1. Status of this Memo

   This document is an Internet-Draft. Internet-Drafts are working
   documents of the Internet Engineering Task Force (IETF), its areas,
   and its working groups. Note that other groups may also distribute
   working documents as Internet-Drafts.

   Internet-Drafts are draft documents valid for a maximum of six
   months and may be updated, replaced, or obsoleted by other
   documents at any time. It is inappropriate to use Internet-
   Drafts as reference material or to cite them other than as
   "work in progress."

   To learn the current status of any Internet-Draft, please check
   the "1id-abstracts.txt" listing contained in the Internet-
   Drafts Shadow Directories on ds.internic.net (US East Coast),
   nic.nordu.net (Europe), ftp.isi.edu (US West Coast), or
   munnari.oz.au (Pacific Rim).

2. Abstract

      This memo defines an extension to the SMTP service whereby an
   SMTP client and server may interact to give the server an opportunity
   to start the processing of its queues for messages to go to a given
   host.  This is an attempt to fix the security problems with the TURN
   by creating a new command ETRN that places the emphasis on the server
   instead of the connection.  This extension is meant to be used in
   startup conditions as well as for mail nodes that have transient
   connections to their service providers.


3.  Introduction

      The TURN command was a valid attempt to address the problem of
   having to start the processing for the mail queue on a remote machine.
   However, the TURN command presents a large security loophole.  As
   there is no verification of the remote host name, the TURN command
   could be used by a rogue system to download the mail for a site other
   than itself.

      Therefore, this memo introduces the ETRN command.  This command
   uses the mechanism defined in [4] to define extensions to the SMTP
   service whereby a client ("sender-SMTP") may request that the server
   ("receiver-SMTP") start the processing of its mail queues for
   messages that are waiting at the server for the client machine.  If
   any messages are at the server for the client, then the server should
   create a new SMTP session and send the messages at that time.

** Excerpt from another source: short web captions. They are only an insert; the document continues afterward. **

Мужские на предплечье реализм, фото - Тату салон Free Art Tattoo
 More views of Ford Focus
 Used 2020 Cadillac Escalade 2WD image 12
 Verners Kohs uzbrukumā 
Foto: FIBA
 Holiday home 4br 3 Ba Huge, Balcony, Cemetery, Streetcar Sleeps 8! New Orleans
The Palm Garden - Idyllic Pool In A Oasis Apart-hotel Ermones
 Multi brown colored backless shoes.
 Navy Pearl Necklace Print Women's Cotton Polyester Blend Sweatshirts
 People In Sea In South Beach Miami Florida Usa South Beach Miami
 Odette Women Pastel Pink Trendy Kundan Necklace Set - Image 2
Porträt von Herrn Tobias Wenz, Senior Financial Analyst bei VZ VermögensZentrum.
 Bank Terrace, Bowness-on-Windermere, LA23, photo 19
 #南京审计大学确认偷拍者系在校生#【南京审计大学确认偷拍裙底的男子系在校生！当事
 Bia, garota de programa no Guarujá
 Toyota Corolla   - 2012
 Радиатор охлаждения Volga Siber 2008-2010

4.  Framework for the ETRN Extension

      The following service extension is therefore defined:

   (1) the name of the SMTP service extension is "Remote Queue
   Processing Declaration";

   (2) the EHLO keyword value associated with this extension is "ETRN",
   with no associated parameters;

   (3) one additional verb, ETRN, with a single parameter that
   specifies the name of the client(s) to start processing for;

   (4) no additional SMTP verbs are defined by this extension.

   The remainder of this memo specifies how support for the extension
   affects the behavior of an SMTP client and server.


5.  The Remote Queue Processing Declaration service extension

      To save money, many small companies want to only maintain
   transient connections to their service providers.  In addition, there
   are some situations where the client sites depend on their mail
   arriving quickly, so forcing the queues on the server belonging to
   their service provider may be more desirable than waiting for the
   retry timeout to occur.

      Both of these situations could currently be fixed using the TURN
   command defined in [1], if it were not for a large security loophole
   in the TURN command.  As it stands, the TURN command will reverse the
   direction of the SMTP connection and assume that the remote host is
   being honest about what its name is.  The security loophole is that
   there is no documented stipulation for checking the authenticity of
   the remote host name, as given in the HELO or EHLO command.  As such,
   most SMTP and ESMTP implementations do not implement the TURN command
   to avoid this security loophole.

      This has been addressed in the design of the ETRN command.  This
   extended turn command was written with the points in the first
   paragraph in mind, yet paying attention to the problems that
   currently exist with the TURN command.  The security loophole is
   avoided by asking the server to start a new connection aimed at the
   specified client.

      In this manner, the server has a lot more certainty that it is
   talking to the correct SMTP client.  This mechanism can just be seen
   as a more immediate version of the retry queues that appear in most
   SMTP implementations.  In addition, as this command will take a
   single parameter, the name of the remote host(s) to start the queues for,
   the server can decide whether it wishes to respect the request or deny
   it for any local administrative reasons.
  
6.  Definitions

      Remote queue processing means that using an SMTP or ESMTP connection,
   the client may request that the server start to process parts of its
   messaging queue.  This processing is performed using the existing SMTP
   infrastructure and will occur at some point after the processing is
   initiated.

      The server host is the node that is responding to the ETRN command.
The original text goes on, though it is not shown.